■ Description of the task ■
For each entry, return the text exactly and omit any image.

■ Dataset records ■
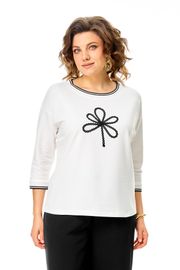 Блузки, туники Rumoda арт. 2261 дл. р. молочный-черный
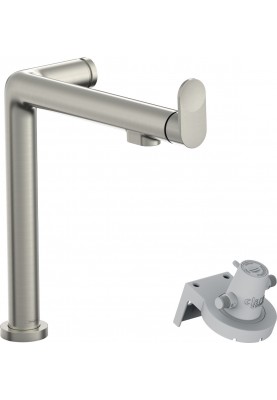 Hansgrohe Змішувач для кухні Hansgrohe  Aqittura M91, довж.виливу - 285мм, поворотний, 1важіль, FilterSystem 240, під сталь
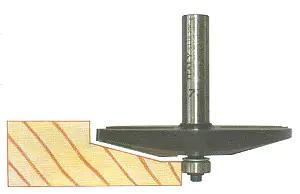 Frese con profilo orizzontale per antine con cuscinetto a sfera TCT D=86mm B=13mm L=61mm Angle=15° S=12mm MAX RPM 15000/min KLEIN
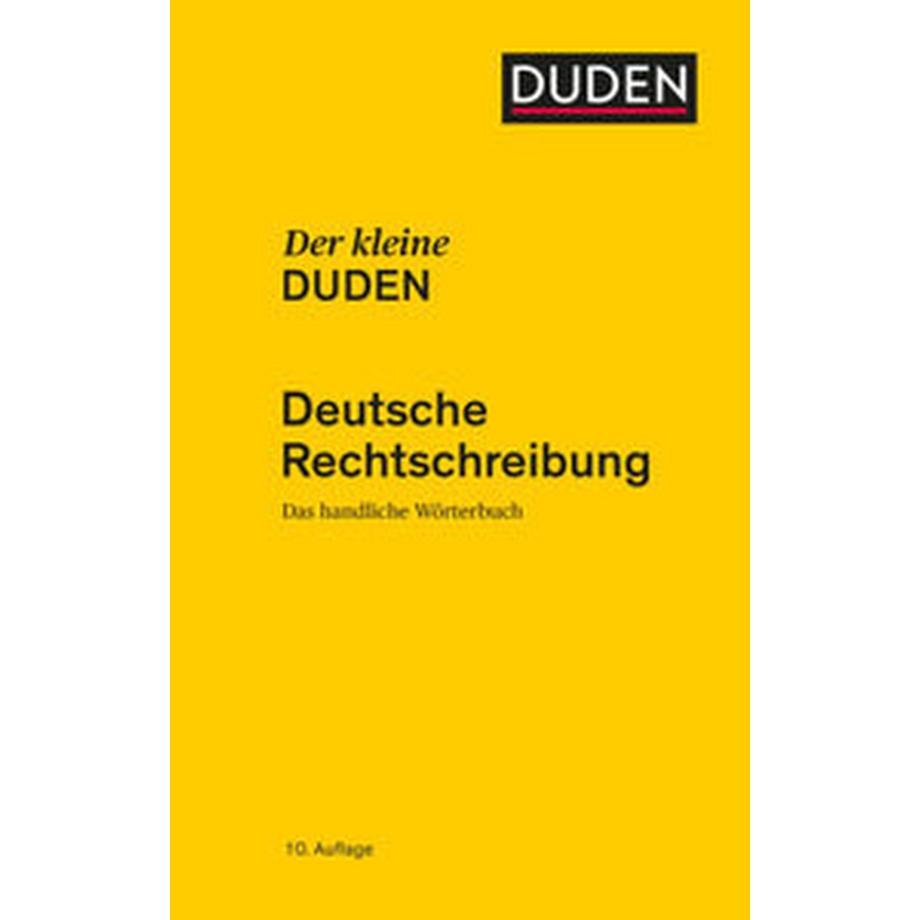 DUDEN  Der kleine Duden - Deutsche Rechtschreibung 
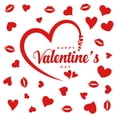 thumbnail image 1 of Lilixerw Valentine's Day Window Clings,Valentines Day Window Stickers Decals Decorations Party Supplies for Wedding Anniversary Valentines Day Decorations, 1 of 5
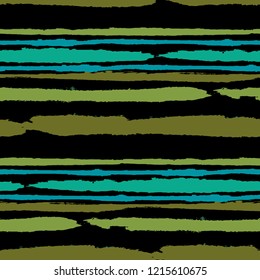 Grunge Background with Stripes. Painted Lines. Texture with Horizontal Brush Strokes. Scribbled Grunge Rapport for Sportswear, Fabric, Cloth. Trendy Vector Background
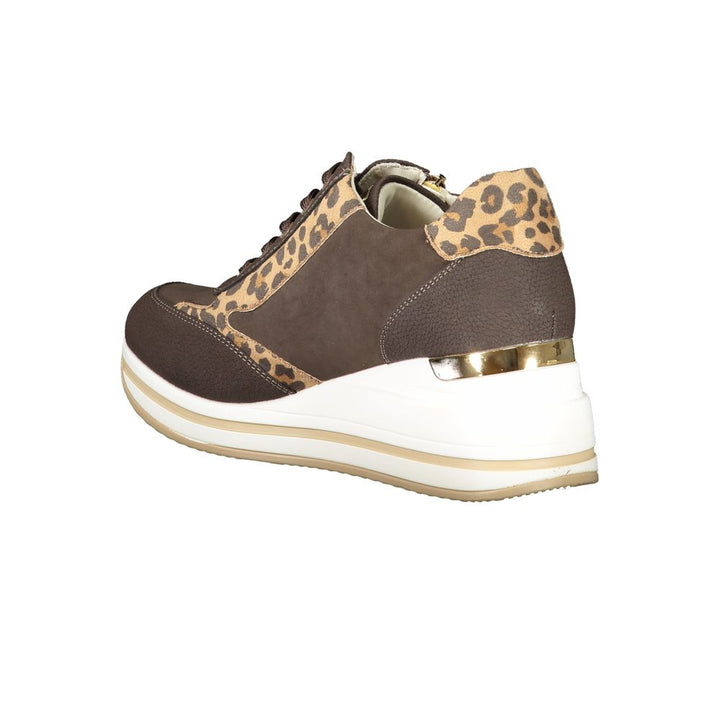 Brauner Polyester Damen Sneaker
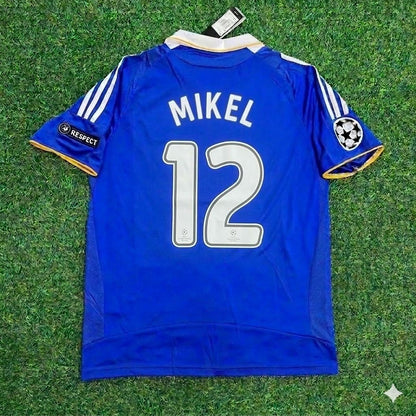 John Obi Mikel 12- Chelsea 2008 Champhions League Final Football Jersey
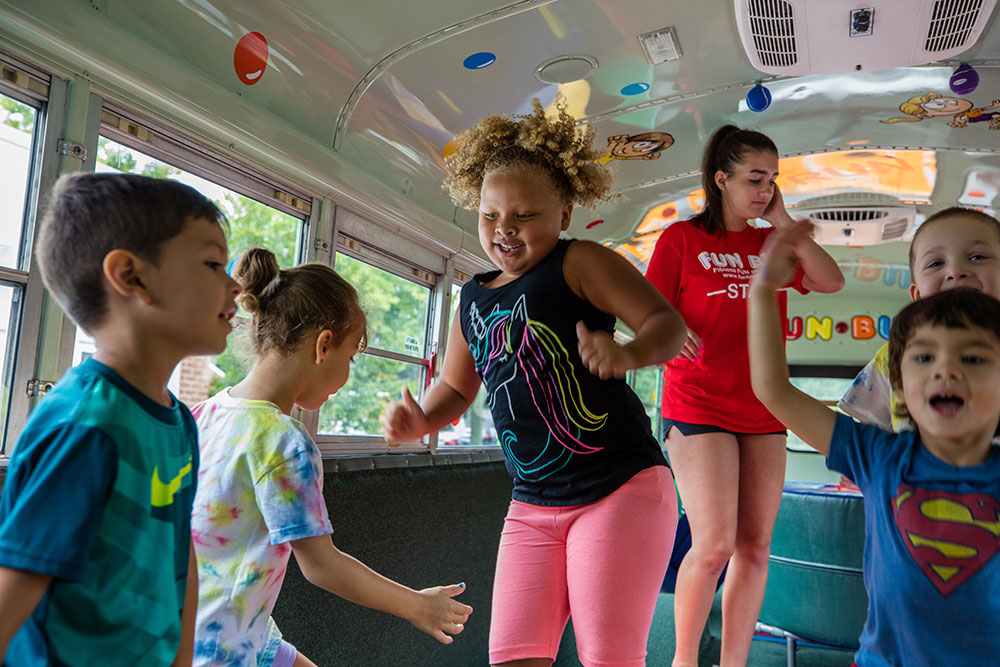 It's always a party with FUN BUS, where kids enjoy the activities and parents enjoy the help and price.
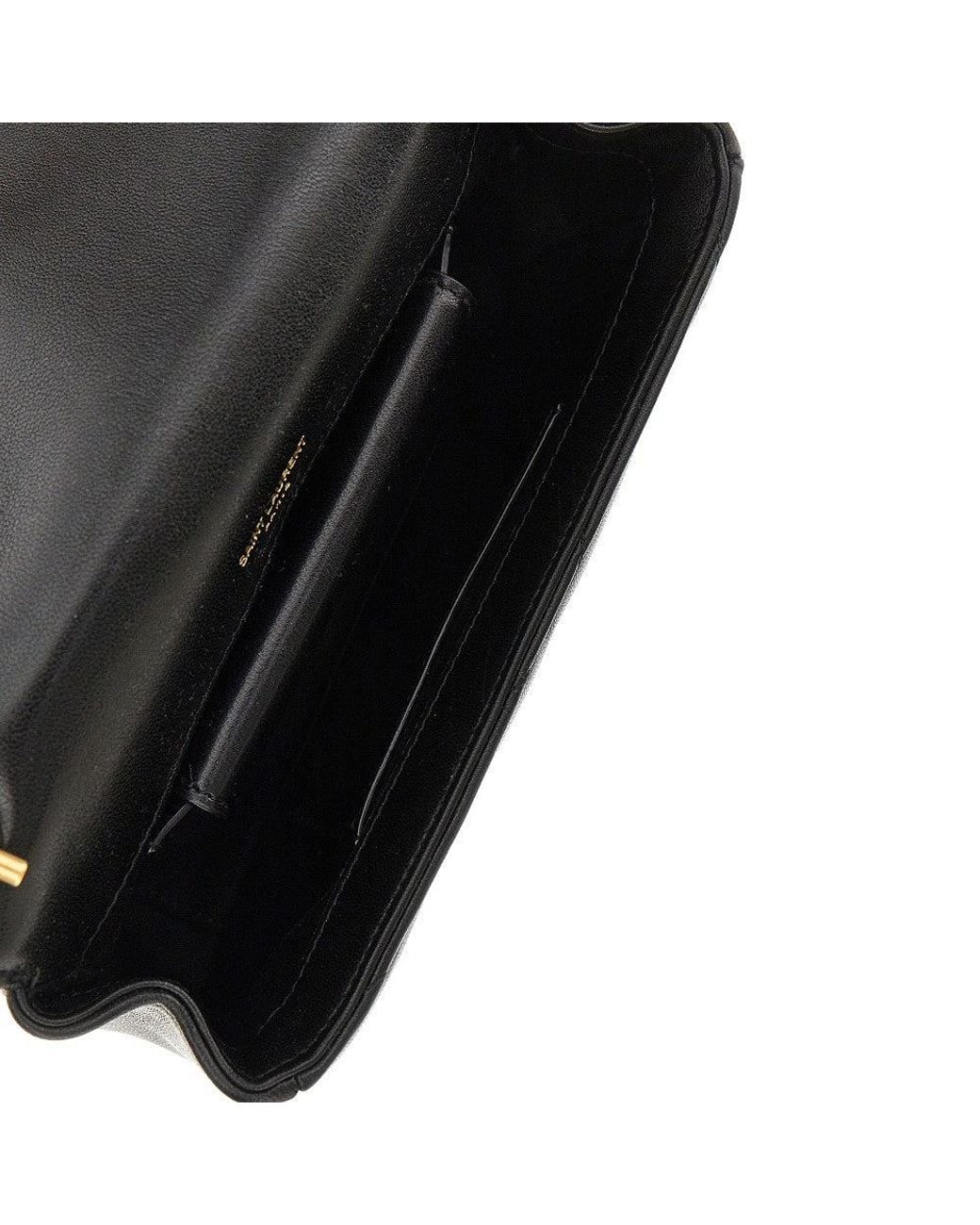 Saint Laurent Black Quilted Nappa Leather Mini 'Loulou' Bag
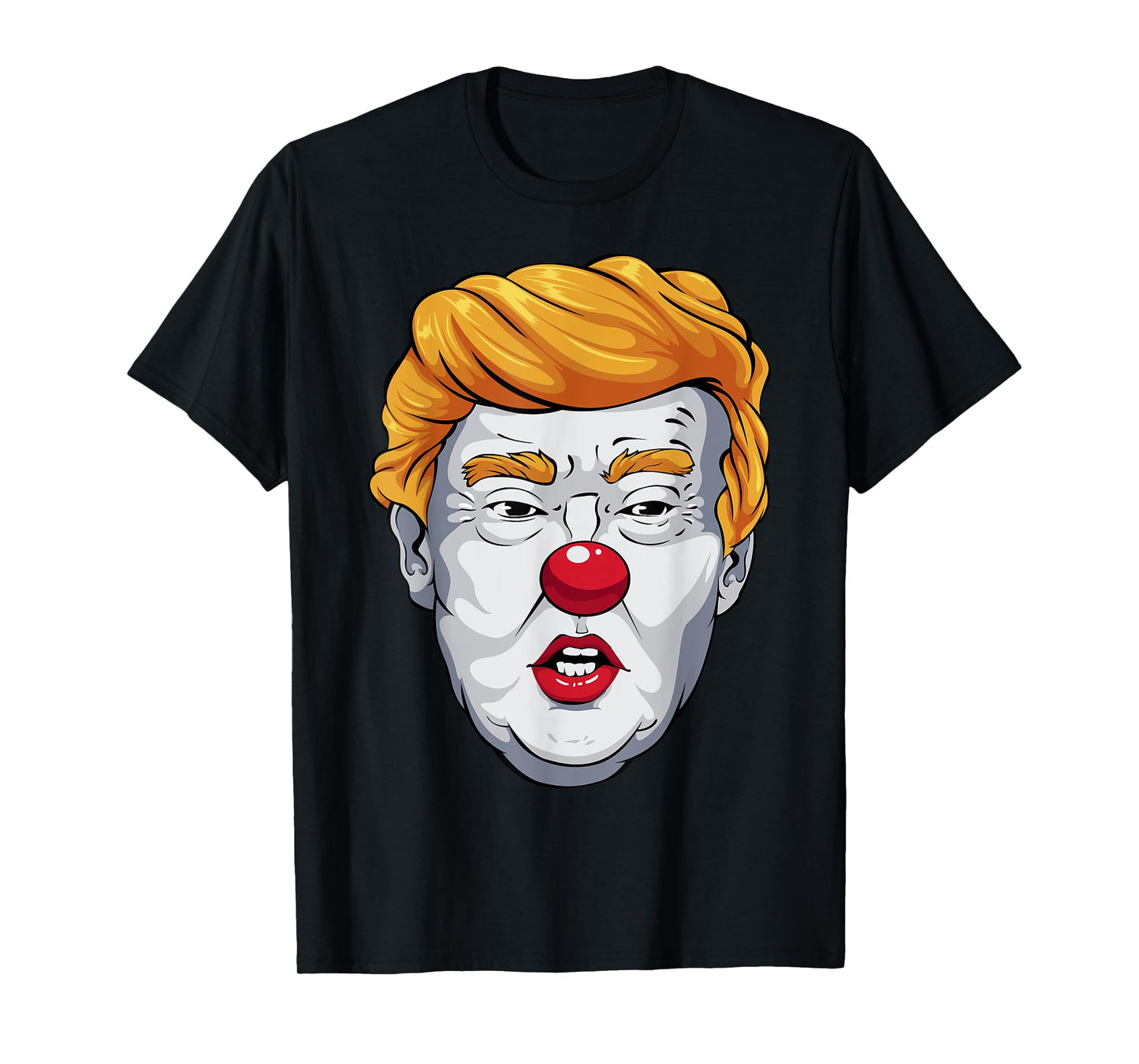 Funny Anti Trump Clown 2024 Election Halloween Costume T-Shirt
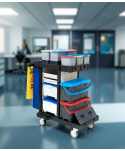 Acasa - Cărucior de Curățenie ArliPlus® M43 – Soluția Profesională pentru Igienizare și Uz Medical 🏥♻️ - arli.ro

■ Written reply ■
 Блузки, туники Rumoda арт. 2261 дл. р. молочный-черный
 Hansgrohe Змішувач для кухні Hansgrohe  Aqittura M91, довж.виливу - 285мм, поворотний, 1важіль, FilterSystem 240, під сталь
 Frese con profilo orizzontale per antine con cuscinetto a sfera TCT D=86mm B=13mm L=61mm Angle=15° S=12mm MAX RPM 15000/min KLEIN
 DUDEN  Der kleine Duden - Deutsche Rechtschreibung 
 thumbnail image 1 of Lilixerw Valentine's Day Window Clings,Valentines Day Window Stickers Decals Decorations Party Supplies for Wedding Anniversary Valentines Day Decorations, 1 of 5
 Grunge Background with Stripes. Painted Lines. Texture with Horizontal Brush Strokes. Scribbled Grunge Rapport for Sportswear, Fabric, Cloth. Trendy Vector Background
 Brauner Polyester Damen Sneaker
 John Obi Mikel 12- Chelsea 2008 Champhions League Final Football Jersey
 It's always a party with FUN BUS, where kids enjoy the activities and parents enjoy the help and price.
 Saint Laurent Black Quilted Nappa Leather Mini 'Loulou' Bag
 Funny Anti Trump Clown 2024 Election Halloween Costume T-Shirt
 Acasa - Cărucior de Curățenie ArliPlus® M43 – Soluția Profesională pentru Igienizare și Uz Medical 🏥♻️ - arli.ro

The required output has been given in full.